Tensile test results.

Shielding gas configuration	Tensile strength (MPa)
Constant argon	84.70
Premixed argon+10%helium	90.85
Alternating @ 2.5 Hz	96.45
Alternating @ 5 Hz	99.42
Alternating @7.5 Hz	110.37

In a previous study using alternating shielding gases while welding steel, ² it was found that a finer grain structure was generated as a consequence of accelerated cooling from a higher temperature. This helped achieve an increase in mechanical properties, and the reduction in porosity could also be partly attributed to the finer grain distribution.

Root bend tests were carried out to ensure that no negative effects were associated with the application of alternating shielding gases.

Conclusions

The main benefits associated with alternating shielding gases, is related to the increase in travel speed and the consequential reduction in distortion. This is recognised to be owing to the addition of helium, which compared with argon has a higher first ionisation energy and, consequently, permits a faster travel speed while maintaining equivalent levels of penetration. The reduction in distortion is a consequence of the reduced heat input, and the narrower arc column produced by the addition of helium resulting in a narrower HAZ. As a result of the pressure peaking present in alternating shielding gases, there is a momentarily greater arc force, thus permitting even faster travel speeds than the premixed helium addition while maintaining equivalent penetration.

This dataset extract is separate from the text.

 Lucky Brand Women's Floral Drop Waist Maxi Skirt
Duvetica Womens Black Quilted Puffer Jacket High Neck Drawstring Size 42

Although no economic evaluation was completed, a previous study ² performed a comprehensive analysis for the application alternating shielding gases on DH36 steel that showed a 17% reduction in cost as a result of the reduction in man-hours required.

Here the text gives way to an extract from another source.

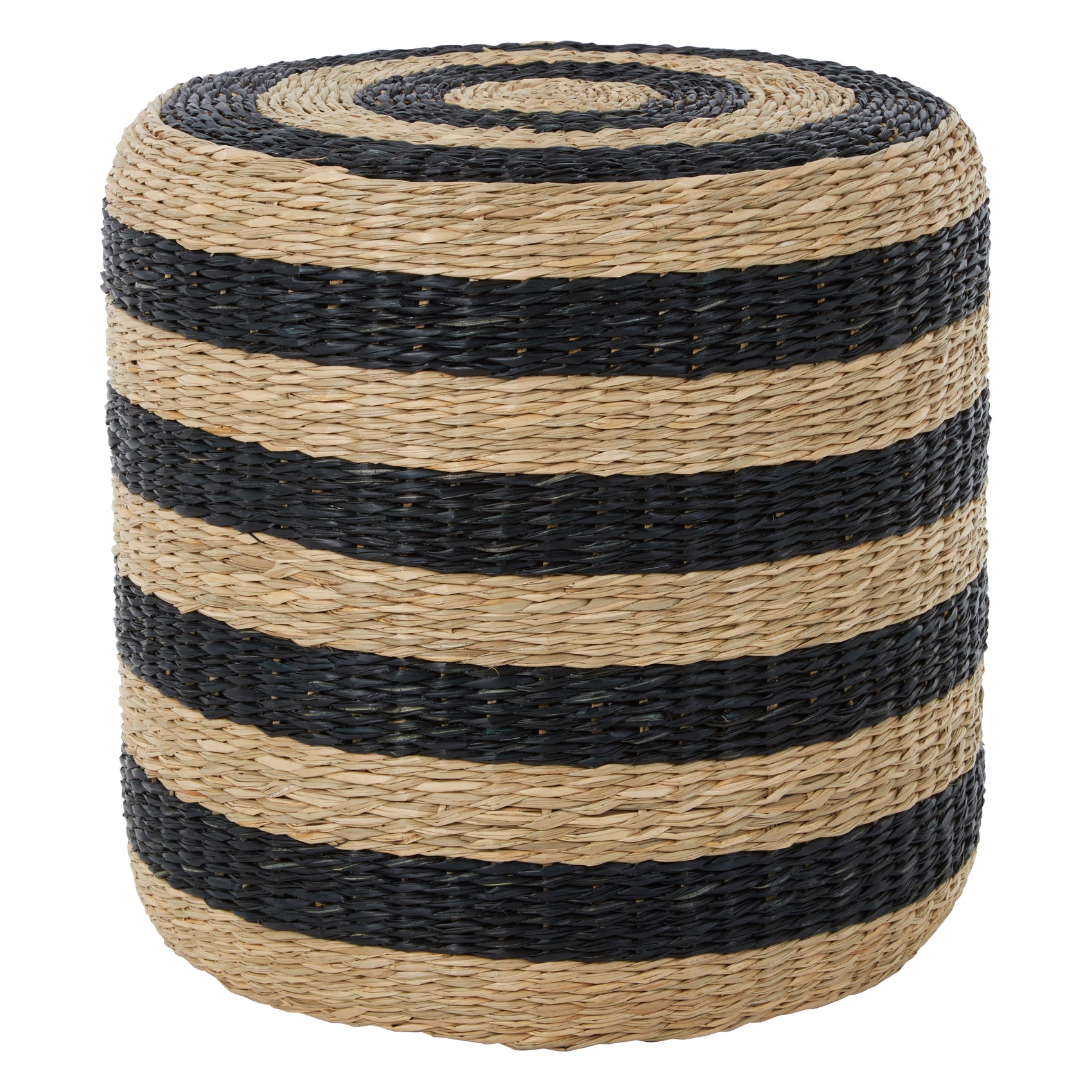 Hague Natural Seagrass & Black Stripes Round Pouffe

The premixed argon+10%helium case has shown a reduction in the percentage porosity present within the solidified weld. This has been attributed to the increased weld pool fluidity as a result of the addition of helium, thus aiding the gas bubbles escape the molten metal. It has also been shown that, in the case of AA6082T6, the application of alternating shielding gases can further reduce the level of porosity present within the weld. This is mainly attributed to a combination of the variation in weld pool fluidity and also the dynamic action that the weld pool experiences owing to the fluctuation between different shielding gas environments.

The addition of helium, both in the premixed case and the alternating gas configurations, has resulted in an increase in transverse tensile strength of the weld. In addition, it has also been shown that the frequency of alternation can have a pronounced effect on the mechanical properties of the weld, with an increase from 2.5 Hz to 7.5 Hz resulting in approximately 15 MPa increase in tensile strength. However, no detrimental effects were found when subjected to bend testing.

It is, therefore, considered that, compared with the use of pure argon or argon+10%helium shielding gases, the application of alternating shielding gases in the GMAW process is highly suited to the welding of AA6082T6 components and offers the manufacturing community clear benefits in terms of increased productivity, reduced porosity, moderate strength increase and a reduction in post-weld straightening.